Don Davis , Editor in Chief
An updated securities filing reveals more about the huge size and rapid growth of China’s leading e-commerce company, Alibaba Group Holding Ltd.
Alibaba filed an updated report this week with the U.S. Securities and Exchange in advance of its planned initial public offering of stock, which likely will occur in the next month or so.

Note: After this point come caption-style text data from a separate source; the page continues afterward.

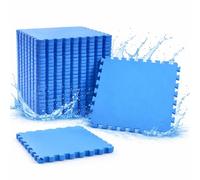 EYEPOWER Alfombra Puzle de Goma EVA para Cubrir Proteger Fondo Borde Piscina Ducha | 1cm de Espesor Suave Antideslizante Set 4pcs 2,6qm Extensible | Azul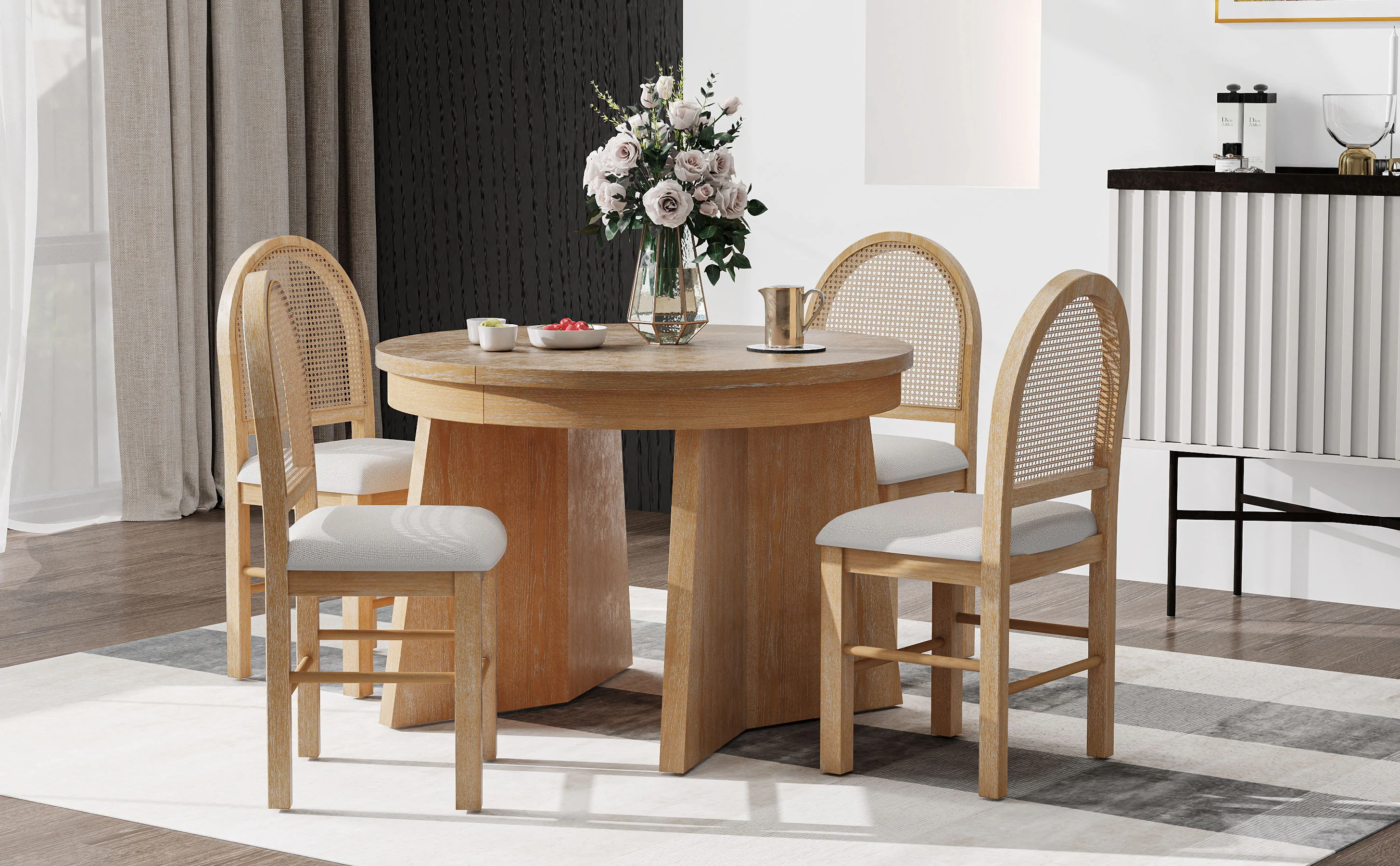 Walker Edison | Extendable 5-Piece Round Dining Table Set for 4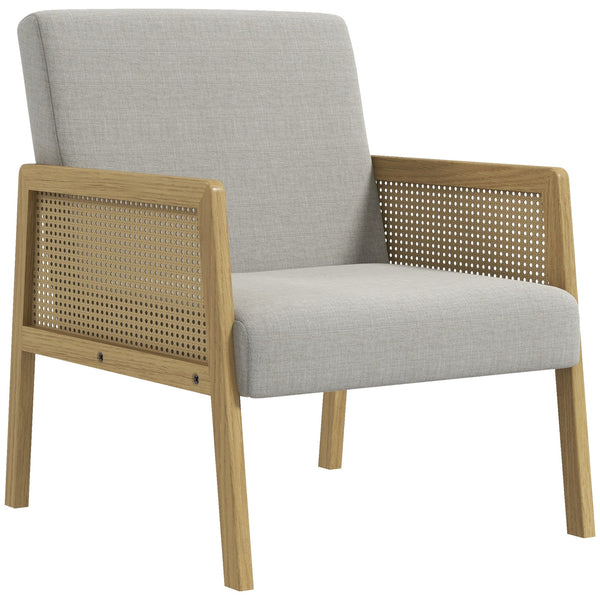 Poltrona Stile Boho 65,5x72x78 cm in Rattan e Tessuto Effetto Lino Grigio sconto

The company disclosed this spring it plans to go public on the New York Stock Exchange and that it will use the stock symbol BABA.
In its latest report, Alibaba reported the value of merchandise sold on its e-commerce marketplaces in the three months ended June 30, 2014, totaled 501 billion RMB ($81.6 billion).
To put that in perspective, eBay Inc. reported $20.49 billion in gross merchandise value in its quarter ended June 30. Amazon.com Inc. does not report GMV, but did report that it sold $15.25 billion worth of goods that it owned, and that outside merchants selling on its web sites accounted for 41% of units sold. That suggests Amazon’s GMV was in the range of $25-30 billion—and that Alibaba’s shopping portals far outpaced sales on both Amazon and eBay sites.
Alibaba also reported rapid growth, with GMV up 45.2% from the year-earlier quarter, and the number of active buyers on its marketplaces increasing 50.8% year over year to 279 million. Some 8.5 million merchants sell on its marketplaces, principally Taobao, an online bazaar open to any Chinese resident. At least 70,000 companies sell on Tmall, a marketplace designed for larger brands that requires sellers to have a business license in China.
Such major Western brands and retailers as Apple Inc., Burberry Group PLC, Nike Inc. and Gap Inc. sell on Tmall, which each quarter represents a bigger share of Alibaba’s sales. Tmall represented 31.7% of Alibaba’s GMV in the quarter ended June 30, the first quarter of Alibaba’s current fiscal year, versus 25.5% in the year-ago quarter.
The new filing also shows that Alibaba is generating more sales from consumers using mobile devices. Mobile sales accounted for 32.8% of GMV in the recent quarter, up from 12.0% a year earlier.
Alibaba also reported a hefty profit of just over $2 billion in the recent quarter, although the company noted that half of that net income came from an upward evaluation of the value of some of its assets. Still, even $1 billion in quarterly profit puts it ahead of eBay, which booked $676 million in net income in its most recent quarter, and Amazon, which reported a net loss of $126 million. Amazon.com is No. 1 in the 2014 Internet Retailer Top 500. EBay is not ranked because, like Alibaba, it does not own any merchandise itself and only provides a platform for other online retailers to sell.
Other data in Alibaba’s recent filing point to its massive scale. For the year ended June 30, 2014, Alibaba says its marketplace generated 14.5 billion orders and that it employed more than 1.1 million delivery personnel who delivered 6.1 billion packages.
While almost all of Alibaba’s revenue currently comes from China, where its marketplaces account for about 80% of online retail sales, the company in June launched a marketplace in the U.S. Called 11Main.com, it features products from smaller merchants, the kind, Alibaba says, U.S. shoppers once bought from on Main Streets in towns around the country.
Once Alibaba completes its IPO, which some say could raise $20 billion, the company may well be looking for other acquisitions outside of China. Alibaba, which is legally registered in the Cayman Islands, has said in previous SEC filings that it does not intend to repatriate the money raised through its IPO to China.